NixOS - running LLM locally using ollama and Docker
2024-02-26
Ollama is now available as an official Docker image, so we can run it on any machine with docker installed. Since I have an NVIDIA RTX 2070 SUPER I would like to use the GPU to accelerate the LLM to be blazingly fast.
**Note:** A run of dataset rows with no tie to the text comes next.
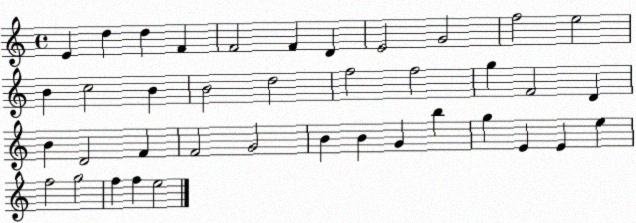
X:1
T:Untitled
M:4/4
L:1/4
K:C
E d d F F2 F D E2 G2 f2 e2 B c2 B B2 d2 f2 f2 g F2 D B D2 F F2 G2 B B G b g E E e f2 g2 f f e2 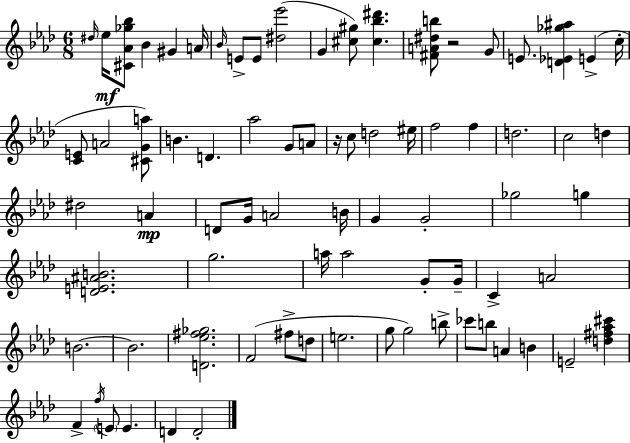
{
  \clef treble
  \numericTimeSignature
  \time 6/8
  \key aes \major
  \grace { dis''16 }\mf ees''16 <cis' aes' ges'' bes''>8 bes'4 gis'4 | a'16 \grace { bes'16 } e'8-> e'8 <dis'' ees'''>2( | g'4 <cis'' gis''>8) <cis'' bes'' dis'''>4. | <fis' a' dis'' b''>8 r2 | \break g'8 e'8. <d' ees' ges'' ais''>4 e'4->( | c''16-. <c' e'>8 a'2 | <cis' g' a''>8) b'4. d'4. | aes''2 g'8 | \break a'8 r16 c''8 d''2 | eis''16 f''2 f''4 | d''2. | c''2 d''4 | \break dis''2 a'4\mp | d'8 g'16 a'2 | b'16 g'4 g'2-. | ges''2 g''4 | \break <d' e' ais' b'>2. | g''2. | a''16 a''2 g'8-. | g'16-- c'4-> a'2 | \break b'2.~~ | b'2. | <d' ees'' fis'' ges''>2. | f'2( fis''8-> | \break d''8 e''2. | g''8 g''2) | b''8-> ces'''8 b''8 a'4 b'4 | e'2-- <d'' fis'' aes'' cis'''>4 | \break f'4-> \acciaccatura { f''16 } \parenthesize e'8 e'4. | d'4 d'2-. | \bar "|."
} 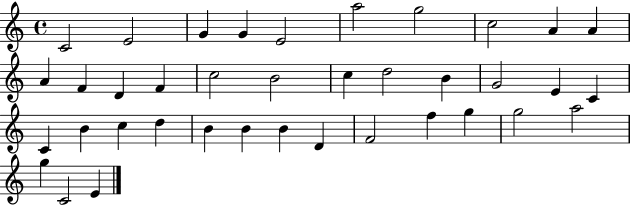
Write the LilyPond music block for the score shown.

{
  \clef treble
  \time 4/4
  \defaultTimeSignature
  \key c \major
  c'2 e'2 | g'4 g'4 e'2 | a''2 g''2 | c''2 a'4 a'4 | \break a'4 f'4 d'4 f'4 | c''2 b'2 | c''4 d''2 b'4 | g'2 e'4 c'4 | \break c'4 b'4 c''4 d''4 | b'4 b'4 b'4 d'4 | f'2 f''4 g''4 | g''2 a''2 | \break g''4 c'2 e'4 | \bar "|."
} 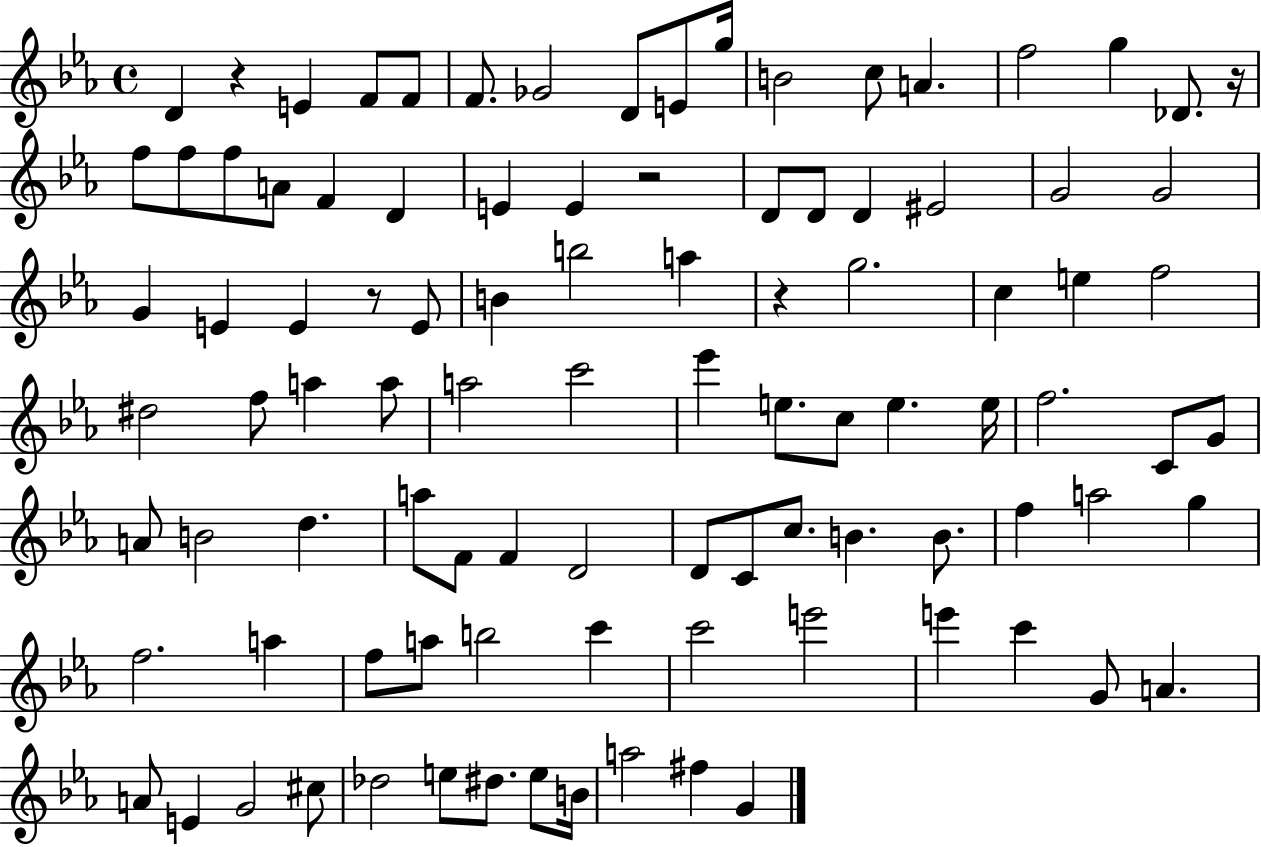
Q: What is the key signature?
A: EES major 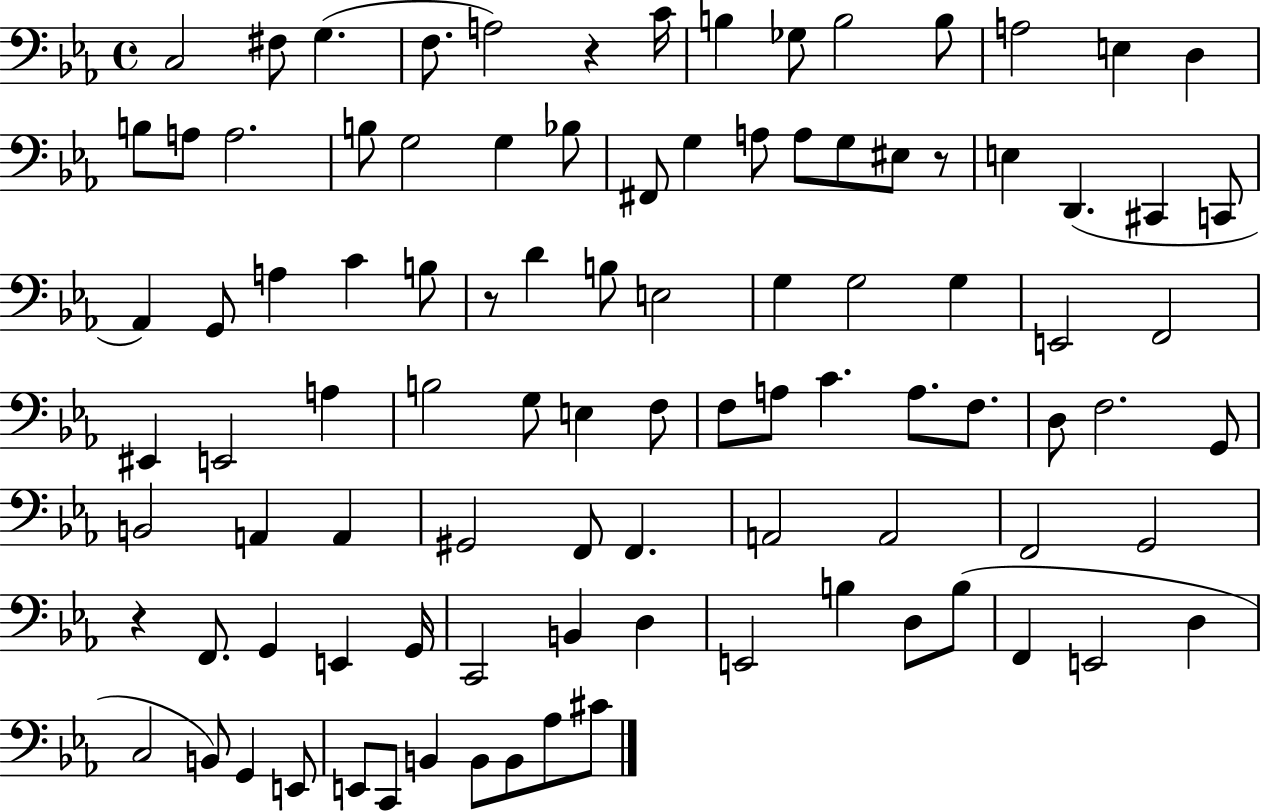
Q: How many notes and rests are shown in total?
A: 97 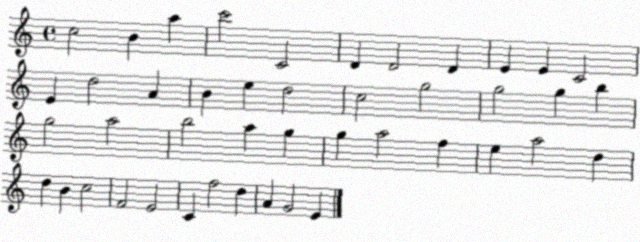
X:1
T:Untitled
M:4/4
L:1/4
K:C
c2 B a c'2 C2 D D2 D E E C2 E d2 A B e d2 c2 g2 g2 g b g2 a2 b2 a g g a2 f e a2 d d B c2 F2 E2 C f2 d A G2 E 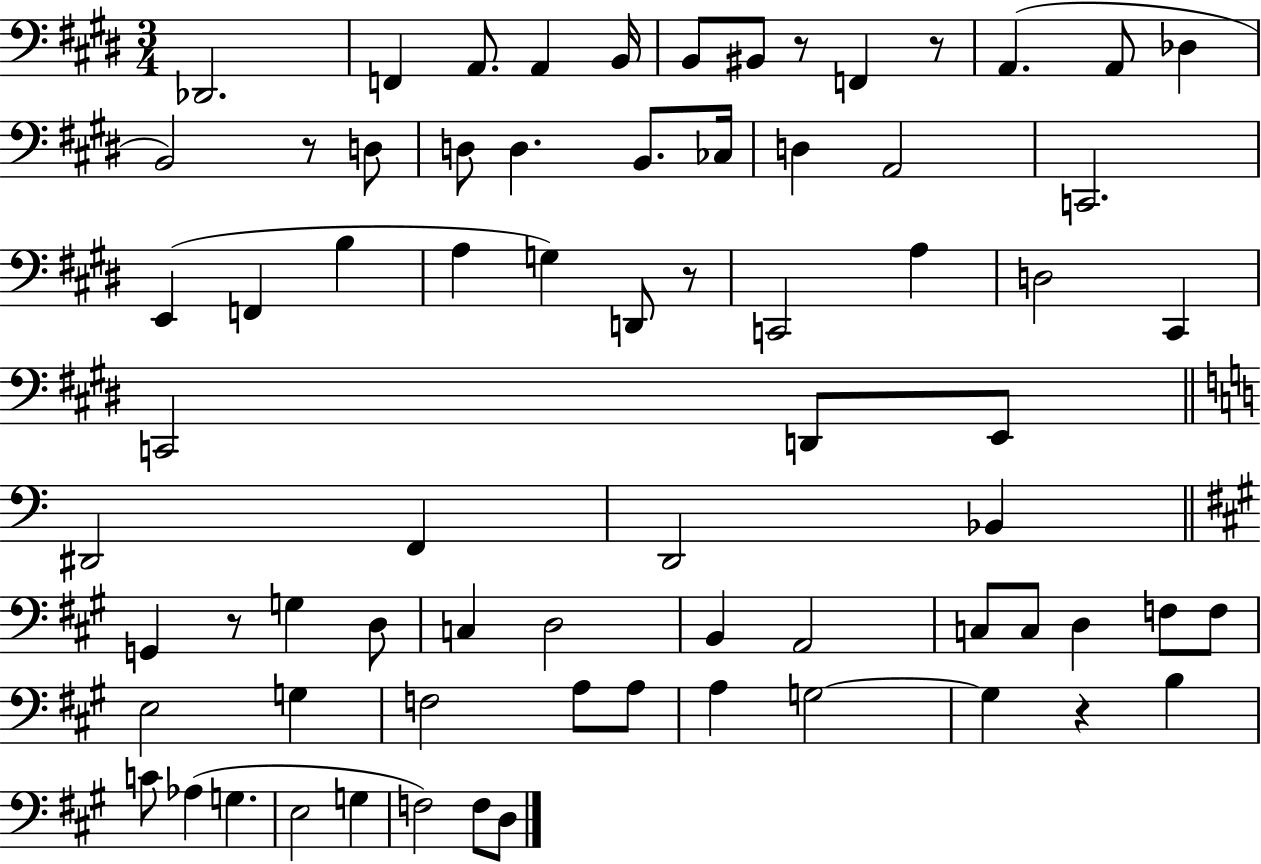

First we need to enable proprietary NVIDIA drivers on NixOS machine in configuration.nix
:
# Enable Nvidia and OpenGL
hardware = common.hardware // {
opengl = {
enable = true;
driSupport = true;
driSupport32Bit = true;
};
nvidia = {
modesetting.enable = true;
powerManagement.enable = false;
powerManagement.finegrained = false;
open = false;
nvidiaSettings = true;
package = config.boot.kernelPackages.nvidiaPackages.stable;
};
};
services = common.services // {
xserver = common.services.xserver // {
videoDrivers = [ "nvidia" ];
};
};
Then we need to also enable Docker with NVIDIA support enabled in configuration.nix
:
# nvidia docker
virtualisation = {
docker = {
enable = true;
enableNvidia = true;
};
};
Now we need to rebuild the system with nixos-rebuild switch
to apply the changes to the NixOS system. After successful install I recommend rebooting the machine. After reboot we can test if the NVIDIA drivers are working using nvidia-smi
command:
+---------------------------------------------------------------------------------------+
| NVIDIA-SMI 545.29.02 Driver Version: 545.29.02 CUDA Version: 12.3 |
|-----------------------------------------+----------------------+----------------------+
| GPU Name Persistence-M | Bus-Id Disp.A | Volatile Uncorr. ECC |
| Fan Temp Perf Pwr:Usage/Cap | Memory-Usage | GPU-Util Compute M. |
| | | MIG M. |
|=========================================+======================+======================|
| 0 NVIDIA GeForce RTX 2070 ... Off | 00000000:01:00.0 On | N/A |
| 24% 30C P8 23W / 215W | 649MiB / 8192MiB | 8% Default |
| | | N/A |
+-----------------------------------------+----------------------+----------------------+
Seems to be working so we can pull the ollama container and run it with NVIDIA GPU support:
docker run -d --gpus=all -v ollama:/root/.ollama -p 11434:11434 --name ollama ollama/ollama
Now you can run any LLM model from ollama model library, for example mistral:
$ docker exec -it ollama ollama run mistral
>>> What is 1 + 1? Answer only.
The answer to the expression "1 + 1" is 2.